On December 22, 2020, the Internal Revenue Service (IRS) issued the 2021 optional standard mileage rates used to calculate the deductible costs of operating an automobile for business, charitable, medical or moving purposes.

Beginning January 1, 2021, the standard mileage rates for the use of a car (also vans, pickups or panel trucks) will be:

  • 56 cents per mile for business miles driven (down a one-and-a-half cents from the 2020 rate).
  • 16 cents per mile driven for medical or moving purposes for qualified active duty members of the Armed Forces (down one cent from the 2020 rate).
  • 14 cents per mile driven in service of charitable organizations (same as 2020).

The standard mileage rate for business use is based on an annual study of the fixed and variable costs of operating an automobile, including depreciation, insurance, repairs, tires, maintenance, gas and oil. The rate for medical and moving purposes is based on the variable costs, such as gas and oil. The charitable rate is set by law.

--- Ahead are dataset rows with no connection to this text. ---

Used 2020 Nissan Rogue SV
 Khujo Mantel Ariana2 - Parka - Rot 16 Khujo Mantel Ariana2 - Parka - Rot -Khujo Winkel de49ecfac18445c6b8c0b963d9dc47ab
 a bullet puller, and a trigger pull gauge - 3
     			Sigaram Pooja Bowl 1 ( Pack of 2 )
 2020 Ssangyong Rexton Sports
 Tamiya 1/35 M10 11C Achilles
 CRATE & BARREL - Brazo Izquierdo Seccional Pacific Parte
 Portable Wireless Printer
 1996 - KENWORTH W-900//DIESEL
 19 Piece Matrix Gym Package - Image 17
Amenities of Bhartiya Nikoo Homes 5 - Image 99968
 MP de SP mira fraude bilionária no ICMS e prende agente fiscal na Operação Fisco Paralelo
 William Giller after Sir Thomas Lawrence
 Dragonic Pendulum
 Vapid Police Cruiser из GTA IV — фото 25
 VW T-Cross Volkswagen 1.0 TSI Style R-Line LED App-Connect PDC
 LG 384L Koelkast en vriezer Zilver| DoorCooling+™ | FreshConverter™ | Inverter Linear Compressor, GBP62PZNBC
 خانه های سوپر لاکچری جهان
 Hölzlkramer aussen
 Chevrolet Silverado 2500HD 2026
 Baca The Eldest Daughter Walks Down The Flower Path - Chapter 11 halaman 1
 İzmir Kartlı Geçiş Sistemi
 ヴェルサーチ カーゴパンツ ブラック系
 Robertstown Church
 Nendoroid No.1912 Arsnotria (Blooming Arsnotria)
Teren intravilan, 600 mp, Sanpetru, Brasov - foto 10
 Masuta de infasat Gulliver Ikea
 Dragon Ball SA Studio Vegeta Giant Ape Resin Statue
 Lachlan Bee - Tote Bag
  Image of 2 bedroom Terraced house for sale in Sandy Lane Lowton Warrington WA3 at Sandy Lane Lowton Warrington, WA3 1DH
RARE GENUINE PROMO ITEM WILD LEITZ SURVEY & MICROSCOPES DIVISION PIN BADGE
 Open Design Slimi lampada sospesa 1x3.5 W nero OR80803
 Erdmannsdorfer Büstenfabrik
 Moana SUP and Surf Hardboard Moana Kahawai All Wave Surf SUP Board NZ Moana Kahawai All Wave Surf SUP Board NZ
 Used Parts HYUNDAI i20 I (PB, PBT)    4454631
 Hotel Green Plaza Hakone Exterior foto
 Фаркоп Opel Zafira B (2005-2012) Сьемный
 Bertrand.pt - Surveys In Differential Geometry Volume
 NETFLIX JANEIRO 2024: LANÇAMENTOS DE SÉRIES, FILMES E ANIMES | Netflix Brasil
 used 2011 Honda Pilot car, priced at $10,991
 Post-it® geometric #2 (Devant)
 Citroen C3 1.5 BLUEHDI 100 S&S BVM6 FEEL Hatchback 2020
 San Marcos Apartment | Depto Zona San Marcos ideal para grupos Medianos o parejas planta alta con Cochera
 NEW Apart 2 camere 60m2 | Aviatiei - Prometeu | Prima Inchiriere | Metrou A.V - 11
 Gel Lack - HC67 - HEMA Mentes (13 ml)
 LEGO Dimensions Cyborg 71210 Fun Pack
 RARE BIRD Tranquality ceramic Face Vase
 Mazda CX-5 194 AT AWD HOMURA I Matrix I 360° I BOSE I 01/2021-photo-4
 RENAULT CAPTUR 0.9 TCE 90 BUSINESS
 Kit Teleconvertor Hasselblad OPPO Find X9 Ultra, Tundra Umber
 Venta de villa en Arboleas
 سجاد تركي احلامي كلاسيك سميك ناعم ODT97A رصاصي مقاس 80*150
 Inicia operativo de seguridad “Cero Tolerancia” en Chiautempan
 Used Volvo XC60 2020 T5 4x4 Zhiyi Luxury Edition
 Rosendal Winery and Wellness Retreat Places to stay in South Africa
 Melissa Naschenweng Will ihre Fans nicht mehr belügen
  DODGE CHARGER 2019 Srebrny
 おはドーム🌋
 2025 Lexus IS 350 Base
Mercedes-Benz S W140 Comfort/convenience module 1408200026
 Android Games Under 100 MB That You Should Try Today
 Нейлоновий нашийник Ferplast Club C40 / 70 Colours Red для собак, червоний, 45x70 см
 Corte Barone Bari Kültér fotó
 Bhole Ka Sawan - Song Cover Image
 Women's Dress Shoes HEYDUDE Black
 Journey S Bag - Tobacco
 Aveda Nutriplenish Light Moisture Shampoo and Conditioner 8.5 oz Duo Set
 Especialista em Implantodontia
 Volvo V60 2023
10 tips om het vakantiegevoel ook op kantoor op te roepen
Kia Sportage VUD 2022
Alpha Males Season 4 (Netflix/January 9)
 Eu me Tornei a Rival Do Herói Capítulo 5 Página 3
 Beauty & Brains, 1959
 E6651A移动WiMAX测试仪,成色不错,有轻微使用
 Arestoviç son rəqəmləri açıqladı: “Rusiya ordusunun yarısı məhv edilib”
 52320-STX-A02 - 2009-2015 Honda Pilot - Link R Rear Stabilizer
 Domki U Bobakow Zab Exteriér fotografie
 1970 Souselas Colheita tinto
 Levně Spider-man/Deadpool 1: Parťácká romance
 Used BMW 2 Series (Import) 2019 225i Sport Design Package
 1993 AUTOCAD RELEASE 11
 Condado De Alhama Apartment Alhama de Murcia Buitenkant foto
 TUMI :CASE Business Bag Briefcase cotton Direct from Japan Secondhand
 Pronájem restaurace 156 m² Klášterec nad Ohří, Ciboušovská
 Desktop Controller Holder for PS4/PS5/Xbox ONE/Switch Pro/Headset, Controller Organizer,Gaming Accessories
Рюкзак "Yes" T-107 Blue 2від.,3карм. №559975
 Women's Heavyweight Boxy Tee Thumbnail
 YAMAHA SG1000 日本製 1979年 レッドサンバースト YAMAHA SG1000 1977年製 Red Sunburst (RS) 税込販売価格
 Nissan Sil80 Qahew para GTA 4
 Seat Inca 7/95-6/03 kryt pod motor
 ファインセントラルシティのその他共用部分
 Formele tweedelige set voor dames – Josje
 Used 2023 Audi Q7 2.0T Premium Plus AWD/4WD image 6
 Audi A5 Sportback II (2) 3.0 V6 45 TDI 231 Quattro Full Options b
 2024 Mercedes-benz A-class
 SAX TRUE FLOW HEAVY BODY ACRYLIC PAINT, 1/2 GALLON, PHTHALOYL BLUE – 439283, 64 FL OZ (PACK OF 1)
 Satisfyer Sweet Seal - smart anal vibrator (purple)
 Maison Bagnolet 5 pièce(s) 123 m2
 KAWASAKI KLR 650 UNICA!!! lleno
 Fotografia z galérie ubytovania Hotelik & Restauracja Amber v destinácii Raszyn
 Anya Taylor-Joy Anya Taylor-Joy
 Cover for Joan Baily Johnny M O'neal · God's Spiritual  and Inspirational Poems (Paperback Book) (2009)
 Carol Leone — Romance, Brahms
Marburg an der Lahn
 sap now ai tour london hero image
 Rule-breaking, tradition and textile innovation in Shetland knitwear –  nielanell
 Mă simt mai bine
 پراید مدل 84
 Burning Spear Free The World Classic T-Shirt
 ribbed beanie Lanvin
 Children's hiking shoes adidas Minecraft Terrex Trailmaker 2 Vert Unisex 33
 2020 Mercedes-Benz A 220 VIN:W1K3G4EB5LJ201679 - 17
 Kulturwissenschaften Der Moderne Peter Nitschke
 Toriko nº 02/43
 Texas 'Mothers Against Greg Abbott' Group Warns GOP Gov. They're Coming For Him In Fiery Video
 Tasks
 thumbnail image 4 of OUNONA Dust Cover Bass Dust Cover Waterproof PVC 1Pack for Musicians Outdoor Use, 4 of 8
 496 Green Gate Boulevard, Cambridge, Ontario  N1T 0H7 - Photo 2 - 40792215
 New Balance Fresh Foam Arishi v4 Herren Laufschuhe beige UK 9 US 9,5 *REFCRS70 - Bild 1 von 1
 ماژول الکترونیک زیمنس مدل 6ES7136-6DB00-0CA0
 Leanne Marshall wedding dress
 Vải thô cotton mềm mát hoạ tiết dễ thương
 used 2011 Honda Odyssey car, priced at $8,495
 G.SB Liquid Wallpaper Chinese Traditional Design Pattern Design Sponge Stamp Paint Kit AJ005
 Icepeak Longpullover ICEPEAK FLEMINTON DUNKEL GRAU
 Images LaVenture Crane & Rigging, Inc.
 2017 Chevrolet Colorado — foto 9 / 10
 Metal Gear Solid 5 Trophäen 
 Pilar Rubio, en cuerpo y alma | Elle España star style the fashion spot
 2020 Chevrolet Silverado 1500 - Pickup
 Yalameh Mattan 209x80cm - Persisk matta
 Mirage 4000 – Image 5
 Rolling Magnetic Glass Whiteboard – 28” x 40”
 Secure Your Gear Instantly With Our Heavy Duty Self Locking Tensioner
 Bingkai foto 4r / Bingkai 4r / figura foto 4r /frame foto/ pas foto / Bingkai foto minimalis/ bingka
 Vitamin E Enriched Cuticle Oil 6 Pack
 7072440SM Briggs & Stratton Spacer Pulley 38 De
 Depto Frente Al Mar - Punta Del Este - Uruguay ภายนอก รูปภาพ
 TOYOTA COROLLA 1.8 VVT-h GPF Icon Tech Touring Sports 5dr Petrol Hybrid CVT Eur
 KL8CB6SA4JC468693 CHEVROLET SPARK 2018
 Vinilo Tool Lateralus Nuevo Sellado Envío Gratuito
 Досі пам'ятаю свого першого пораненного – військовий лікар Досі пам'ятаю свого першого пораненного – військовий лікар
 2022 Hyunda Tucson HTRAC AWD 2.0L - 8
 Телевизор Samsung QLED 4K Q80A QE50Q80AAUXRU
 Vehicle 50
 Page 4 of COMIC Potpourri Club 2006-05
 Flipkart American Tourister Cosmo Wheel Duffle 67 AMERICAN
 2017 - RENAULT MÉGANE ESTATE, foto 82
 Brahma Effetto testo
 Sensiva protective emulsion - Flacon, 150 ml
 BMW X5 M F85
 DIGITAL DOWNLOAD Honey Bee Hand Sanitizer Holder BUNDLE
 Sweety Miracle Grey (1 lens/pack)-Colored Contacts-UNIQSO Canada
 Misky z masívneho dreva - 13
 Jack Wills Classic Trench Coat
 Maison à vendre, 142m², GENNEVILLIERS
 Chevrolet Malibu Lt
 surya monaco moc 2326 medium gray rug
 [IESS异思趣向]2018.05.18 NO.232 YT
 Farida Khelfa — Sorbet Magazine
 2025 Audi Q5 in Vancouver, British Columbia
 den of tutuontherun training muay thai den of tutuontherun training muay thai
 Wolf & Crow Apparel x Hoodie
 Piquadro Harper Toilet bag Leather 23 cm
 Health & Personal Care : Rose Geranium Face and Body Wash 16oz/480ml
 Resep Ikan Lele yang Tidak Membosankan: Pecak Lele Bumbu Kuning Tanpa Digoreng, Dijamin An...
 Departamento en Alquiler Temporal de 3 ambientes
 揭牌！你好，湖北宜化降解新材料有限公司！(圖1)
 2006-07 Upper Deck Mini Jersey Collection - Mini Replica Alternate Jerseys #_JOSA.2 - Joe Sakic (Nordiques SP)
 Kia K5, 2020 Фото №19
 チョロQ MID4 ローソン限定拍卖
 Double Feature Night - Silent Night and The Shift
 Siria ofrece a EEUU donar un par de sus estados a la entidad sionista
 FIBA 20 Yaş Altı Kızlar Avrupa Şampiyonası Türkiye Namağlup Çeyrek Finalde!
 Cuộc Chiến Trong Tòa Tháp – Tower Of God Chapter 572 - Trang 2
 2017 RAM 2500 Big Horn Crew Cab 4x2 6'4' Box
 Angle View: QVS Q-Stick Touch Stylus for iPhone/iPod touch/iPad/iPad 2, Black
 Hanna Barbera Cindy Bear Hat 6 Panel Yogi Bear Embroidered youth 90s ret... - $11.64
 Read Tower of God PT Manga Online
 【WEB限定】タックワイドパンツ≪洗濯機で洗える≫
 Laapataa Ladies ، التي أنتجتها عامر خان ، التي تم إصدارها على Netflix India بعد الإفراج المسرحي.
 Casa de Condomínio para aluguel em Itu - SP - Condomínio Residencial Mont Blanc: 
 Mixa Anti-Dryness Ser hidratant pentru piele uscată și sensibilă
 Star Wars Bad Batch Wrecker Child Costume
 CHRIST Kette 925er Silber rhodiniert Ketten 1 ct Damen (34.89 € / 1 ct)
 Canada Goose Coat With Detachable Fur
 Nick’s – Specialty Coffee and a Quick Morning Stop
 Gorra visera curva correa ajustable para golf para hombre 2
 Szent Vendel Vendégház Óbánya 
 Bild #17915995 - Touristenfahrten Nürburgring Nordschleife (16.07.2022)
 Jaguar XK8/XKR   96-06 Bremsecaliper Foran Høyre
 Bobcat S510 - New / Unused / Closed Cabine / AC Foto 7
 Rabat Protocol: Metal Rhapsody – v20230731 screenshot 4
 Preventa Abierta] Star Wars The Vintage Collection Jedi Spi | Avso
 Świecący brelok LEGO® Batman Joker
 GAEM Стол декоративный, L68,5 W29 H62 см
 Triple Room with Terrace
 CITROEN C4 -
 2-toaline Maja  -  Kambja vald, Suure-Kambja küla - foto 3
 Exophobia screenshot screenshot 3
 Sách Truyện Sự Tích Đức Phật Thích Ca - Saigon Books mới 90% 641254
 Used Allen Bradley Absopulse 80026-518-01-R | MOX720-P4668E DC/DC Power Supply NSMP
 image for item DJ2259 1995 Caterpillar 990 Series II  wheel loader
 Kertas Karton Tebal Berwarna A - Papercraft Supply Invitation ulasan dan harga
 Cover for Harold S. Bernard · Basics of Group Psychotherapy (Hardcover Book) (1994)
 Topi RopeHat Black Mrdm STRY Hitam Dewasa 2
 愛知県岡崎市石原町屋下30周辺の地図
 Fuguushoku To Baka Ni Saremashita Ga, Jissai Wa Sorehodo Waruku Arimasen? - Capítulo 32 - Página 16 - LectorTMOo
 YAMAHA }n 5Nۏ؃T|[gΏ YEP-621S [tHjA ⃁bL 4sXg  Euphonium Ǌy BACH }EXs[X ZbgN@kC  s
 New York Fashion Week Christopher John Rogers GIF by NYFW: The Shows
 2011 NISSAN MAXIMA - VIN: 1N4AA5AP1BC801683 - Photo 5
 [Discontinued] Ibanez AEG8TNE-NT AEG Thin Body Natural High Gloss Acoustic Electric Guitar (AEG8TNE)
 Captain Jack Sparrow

Both the California courts and the California Division of Labor Standards Enforcement (DLSE) have stated that using the IRS mileage rate will generally satisfy an employer’s obligation to reimburse for business-related personal vehicle expenses, absent evidence to the contrary. If an employee can show that the chosen mileage reimbursement rate, even the IRS rate, does not cover all actual expenses the employee has incurred, the employer must pay the difference.